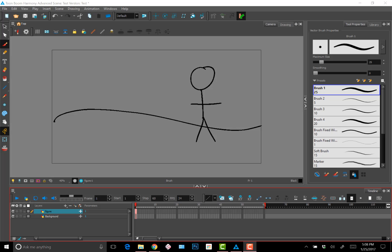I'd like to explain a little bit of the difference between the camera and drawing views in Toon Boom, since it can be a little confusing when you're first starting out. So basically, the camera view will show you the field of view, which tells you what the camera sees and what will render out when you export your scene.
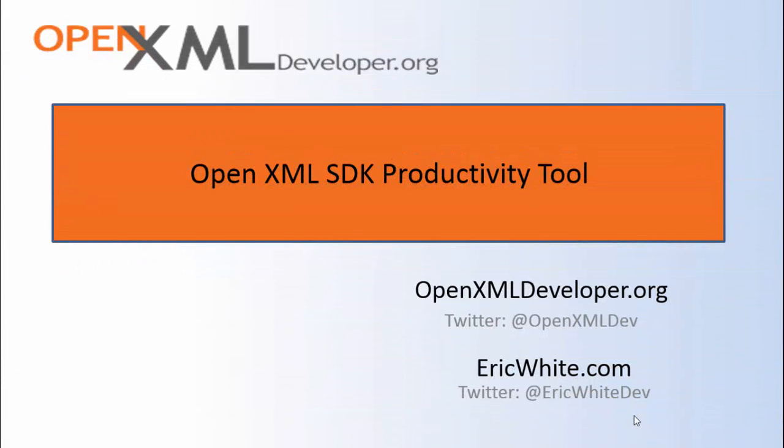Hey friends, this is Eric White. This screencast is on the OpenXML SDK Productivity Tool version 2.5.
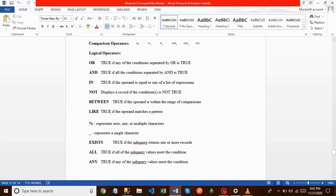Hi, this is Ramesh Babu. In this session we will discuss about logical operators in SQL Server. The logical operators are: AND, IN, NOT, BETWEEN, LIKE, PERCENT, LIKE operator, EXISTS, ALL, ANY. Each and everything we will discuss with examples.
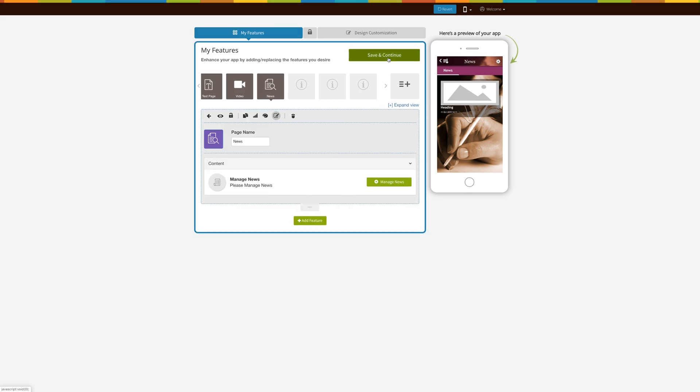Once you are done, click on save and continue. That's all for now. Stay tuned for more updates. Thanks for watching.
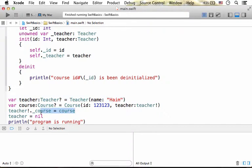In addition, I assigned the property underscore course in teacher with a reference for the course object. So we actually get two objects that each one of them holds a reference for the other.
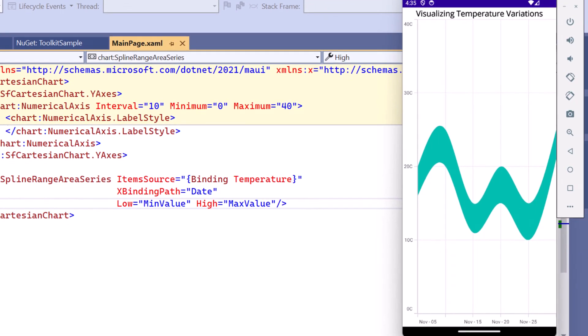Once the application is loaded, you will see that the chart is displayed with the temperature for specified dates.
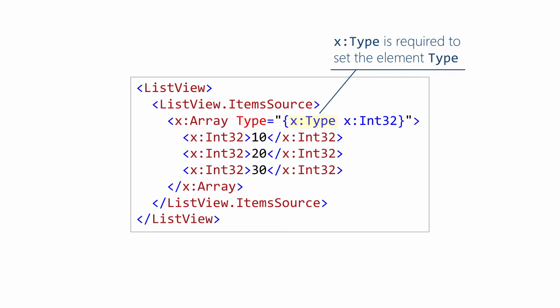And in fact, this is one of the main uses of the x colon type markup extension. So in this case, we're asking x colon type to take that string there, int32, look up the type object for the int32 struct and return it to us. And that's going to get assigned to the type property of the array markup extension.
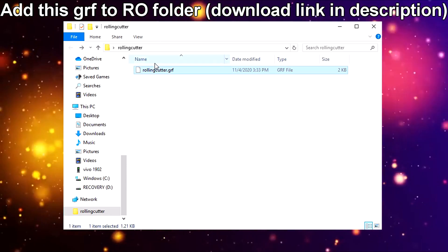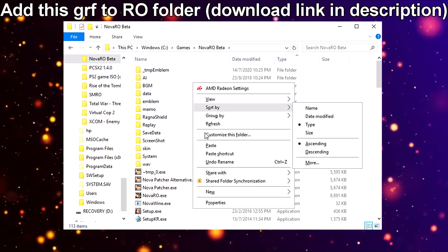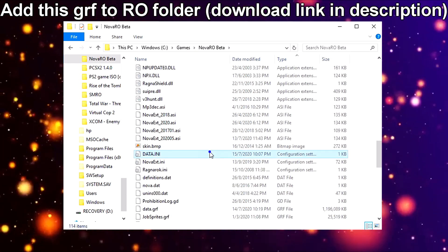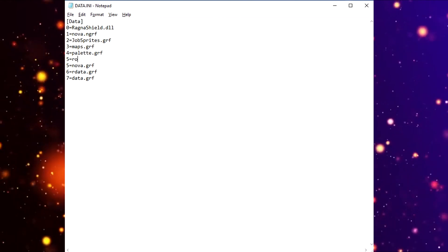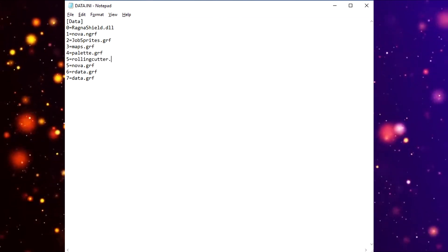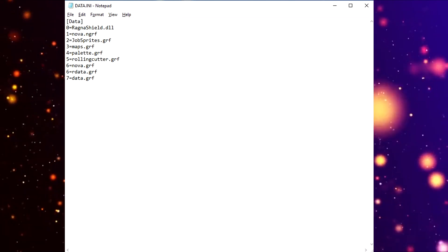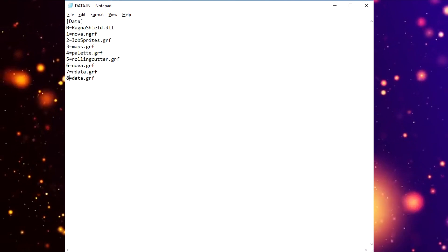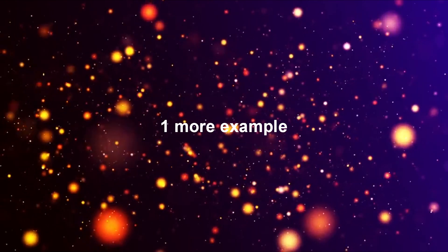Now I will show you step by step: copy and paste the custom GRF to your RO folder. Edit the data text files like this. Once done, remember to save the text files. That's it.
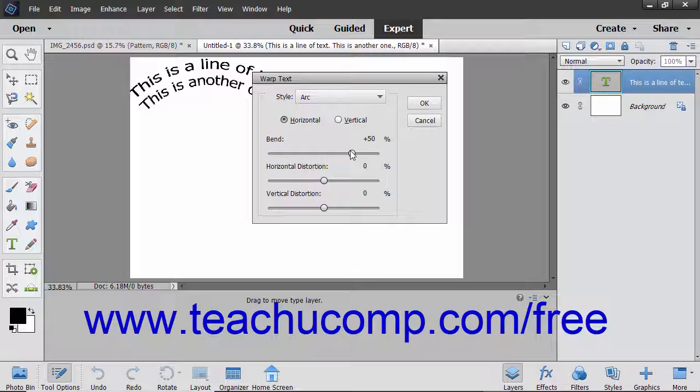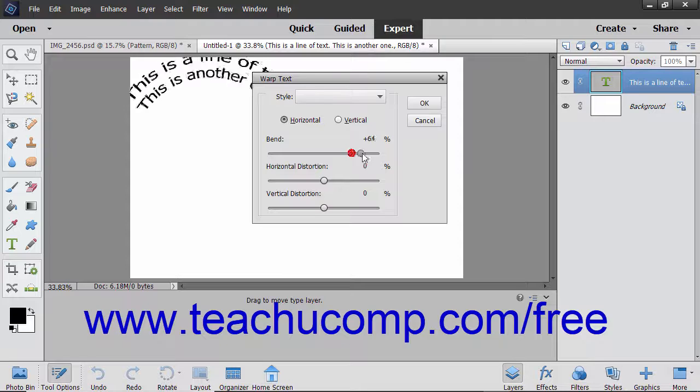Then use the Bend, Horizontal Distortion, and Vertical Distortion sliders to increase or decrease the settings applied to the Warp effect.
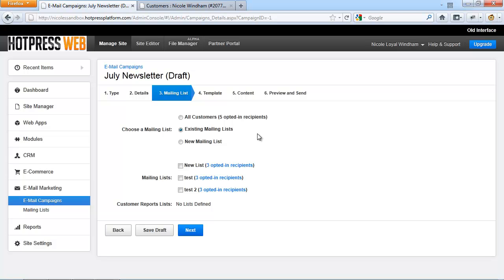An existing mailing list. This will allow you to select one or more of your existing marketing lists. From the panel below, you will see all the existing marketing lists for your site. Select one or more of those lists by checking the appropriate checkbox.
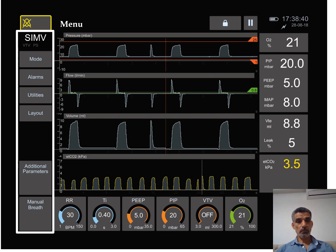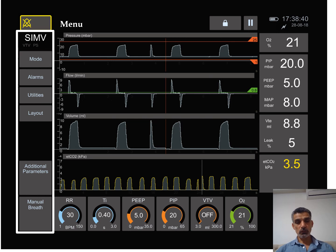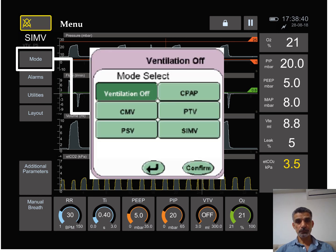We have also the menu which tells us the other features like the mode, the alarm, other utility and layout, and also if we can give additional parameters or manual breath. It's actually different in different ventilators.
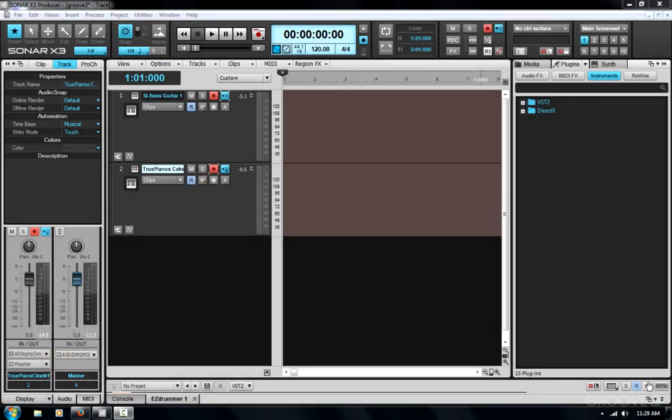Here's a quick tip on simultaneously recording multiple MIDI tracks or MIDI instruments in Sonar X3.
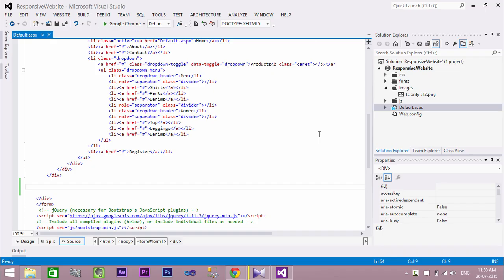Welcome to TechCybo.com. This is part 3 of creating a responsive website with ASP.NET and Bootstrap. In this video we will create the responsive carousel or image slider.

___

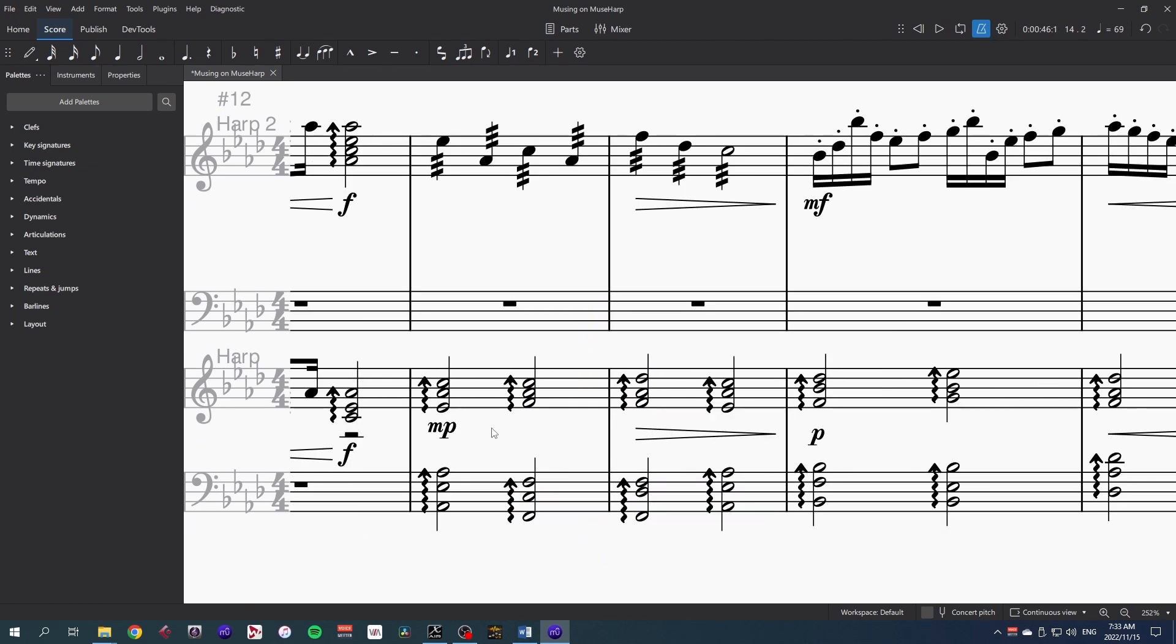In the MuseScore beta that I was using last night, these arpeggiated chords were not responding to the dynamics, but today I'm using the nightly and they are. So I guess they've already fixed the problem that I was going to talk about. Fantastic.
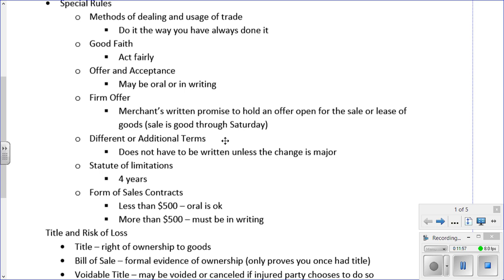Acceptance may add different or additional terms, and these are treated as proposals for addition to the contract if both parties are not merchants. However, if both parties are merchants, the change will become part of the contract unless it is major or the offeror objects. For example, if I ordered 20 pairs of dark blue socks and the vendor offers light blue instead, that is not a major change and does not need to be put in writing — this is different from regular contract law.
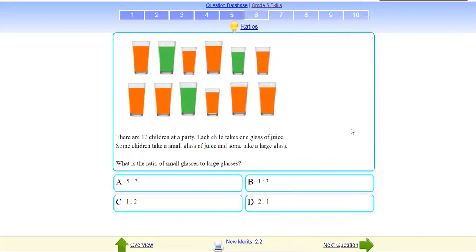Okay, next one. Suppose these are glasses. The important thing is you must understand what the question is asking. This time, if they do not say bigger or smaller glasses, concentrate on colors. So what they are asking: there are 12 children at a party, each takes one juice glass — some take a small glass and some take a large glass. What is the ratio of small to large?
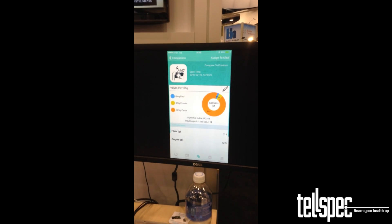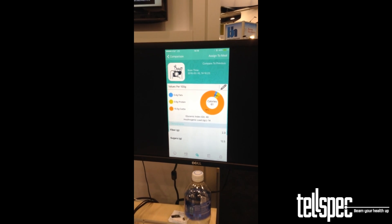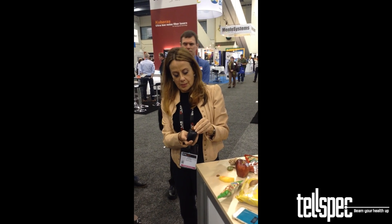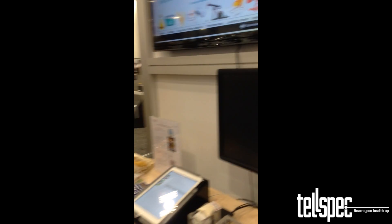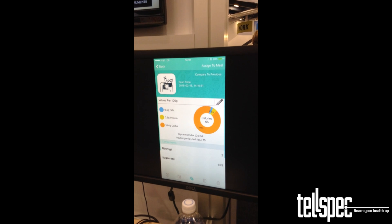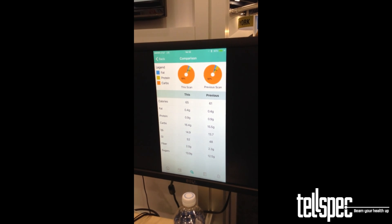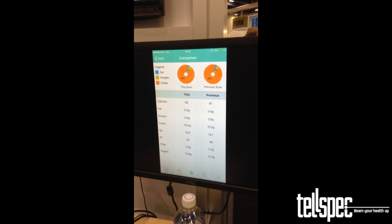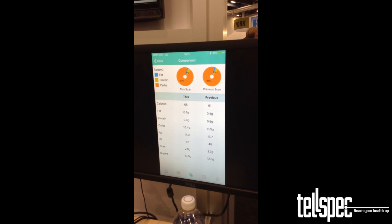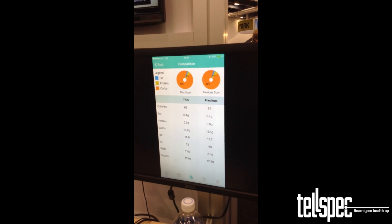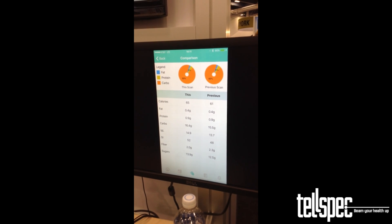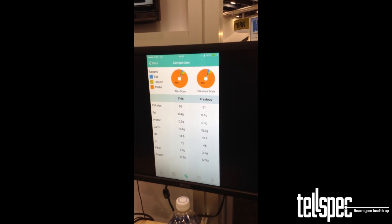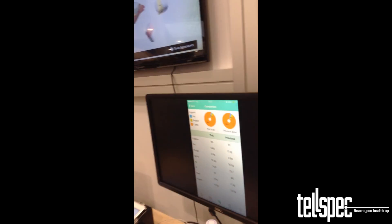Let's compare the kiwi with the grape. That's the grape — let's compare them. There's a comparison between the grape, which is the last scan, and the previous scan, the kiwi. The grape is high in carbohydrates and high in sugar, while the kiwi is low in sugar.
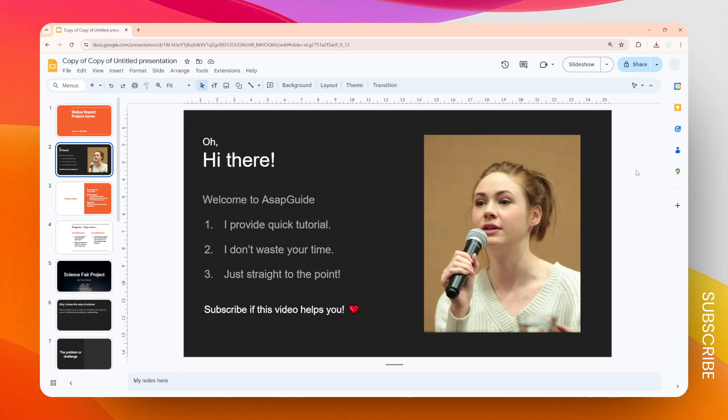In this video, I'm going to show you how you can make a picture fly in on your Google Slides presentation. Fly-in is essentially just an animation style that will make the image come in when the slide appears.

___

> _WHAT THE TASK REQUIRES_: From the material above, reproduce only what runs from the line holding "Hey friends, this" down to the line holding "Once the application", both included, pictures excluded.

> _ANSWER BOX_:
Hey friends, this is Eric White. This screencast is on the OpenXML SDK Productivity Tool version 2.5.
Hi, this is Ramesh Babu. In this session we will discuss about logical operators in SQL Server. The logical operators are: AND, IN, NOT, BETWEEN, LIKE, PERCENT, LIKE operator, EXISTS, ALL, ANY. Each and everything we will discuss with examples.
Once you are done, click on save and continue. That's all for now. Stay tuned for more updates. Thanks for watching.
In addition, I assigned the property underscore course in teacher with a reference for the course object. So we actually get two objects that each one of them holds a reference for the other.
Once the application is loaded, you will see that the chart is displayed with the temperature for specified dates.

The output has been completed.